3- La voie syndicaliste révolutionnaire: un pragmatisme radical
Le syndicalisme révolutionnaire résout cette contradiction entre pragmatisme et radicalité en faisant de l’action directe, sous la forme de la grève, sa tactique.
La grève est d’abord grève partielle qui permet d’obtenir des améliorations immédiates.
Mais les grèves partielles ne sont pas que cela, elles constituent un entraînement régulier à l’action révolutionnaire, puisque c’est la généralisation de la grève qui constitue la rupture révolutionnaire. Cette entraînement, c’est la “gymnastique révolutionnaire”.
Il y a donc une continuité entre les méthodes employées pour parvenir aux améliorations immédiates et la méthode employée pour provoquer la révolution.
“Pour le syndicalisme, la pratique et la théorie se confondent, et c'est l'action et non plus la phrase qui est révolutionnaire.

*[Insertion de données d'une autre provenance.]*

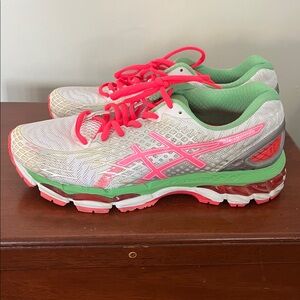 ASICS Women's Athletic Shoes size 9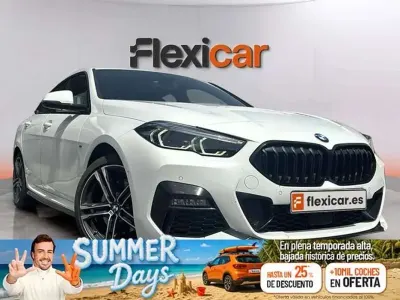 Usado BMW 218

Il s'agit ici d'une conduite immédiate et non d'une attente paresseuse. Les hommes se classent selon les actes et non selon les étiquettes. L'esprit révolutionnaire descend du ciel sur la terre, il se fait chair, se manifeste par des institutions, s'identifie avec la vie. L'acte quotidien prend seul une valeur révolutionnaire, et la transformation sociale, si elle vient un jour, ne sera que la généralisation de cet acte.
C'est pourquoi l'idée de la grève générale s'est si naturellement substituée, dans l'esprit des masses ouvrières, à l'idée de la révolution politique.”
Conclusion: Le syndicalisme révolutionnaire comme exemple permettant de dégager la grammaire d’un socialisme radical.
Caractéristiques grammaticales:
- Critique de l’exploitation du travail et du déni de reconnaissance (travailleurs, racisés, femmes...)
- Existence d’une lutte des classes
- Organisation d’un mouvement social autonome (SR, Black Panthers, MLF...)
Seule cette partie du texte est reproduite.